Exact copies of the lines below are the goal; any images in them are dropped.

*Raw data:*
+++

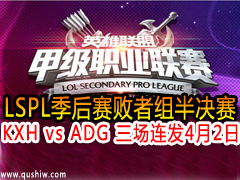 LSPL KXH vs ADG  42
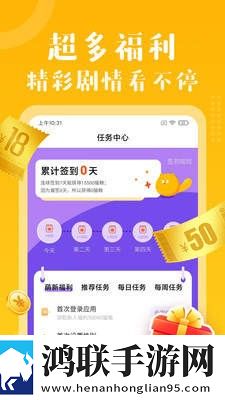 摸着大扔子视频大全微剧场版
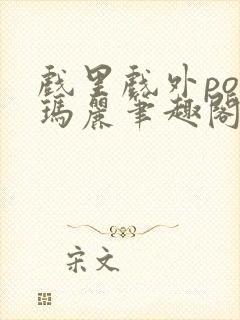 戏里戏外po苏玛丽笔趣阁没有拼音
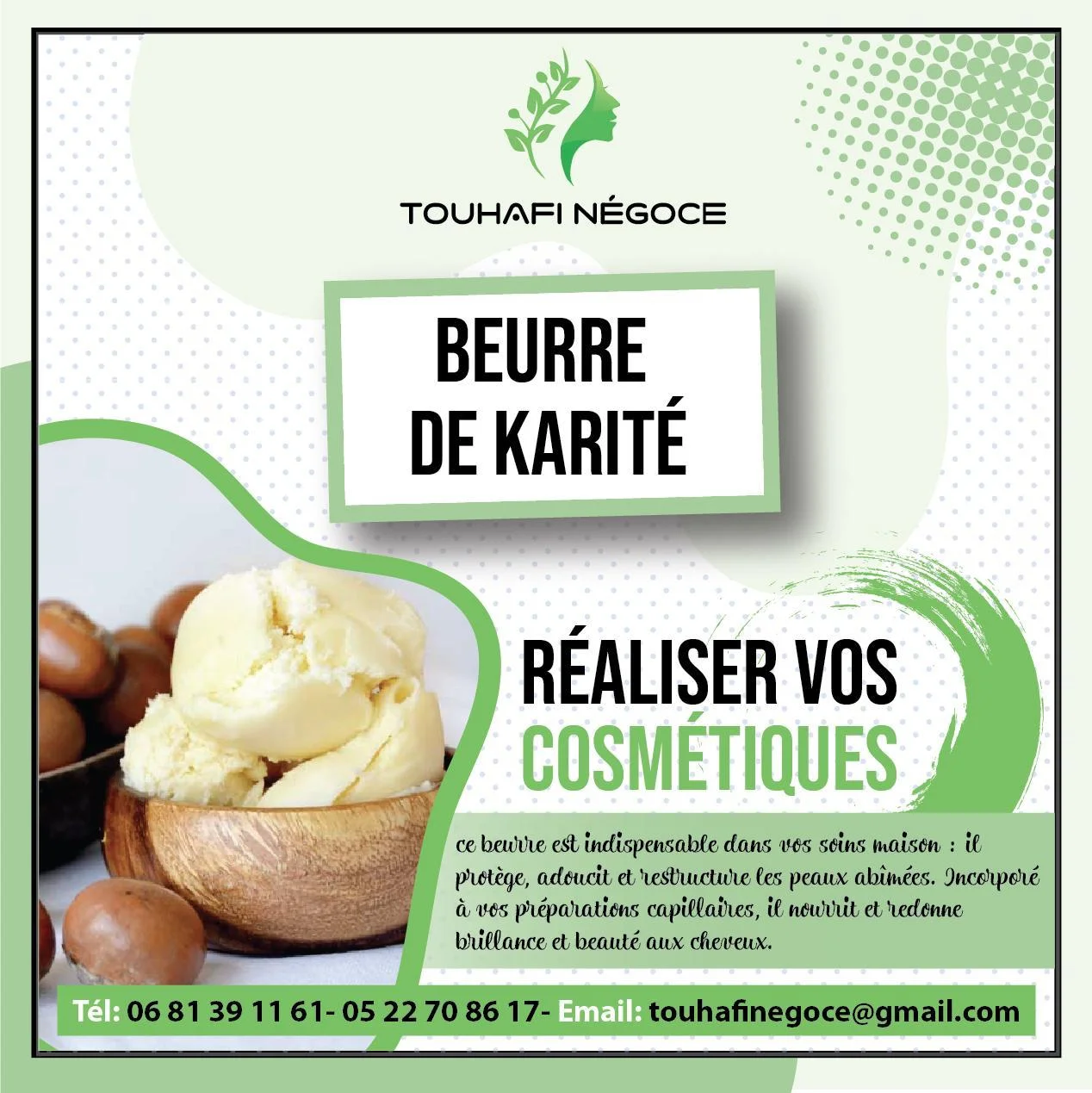 beurre de karite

+++

*Problem solution:*
 LSPL KXH vs ADG  42
 摸着大扔子视频大全微剧场版
 戏里戏外po苏玛丽笔趣阁没有拼音
 beurre de karite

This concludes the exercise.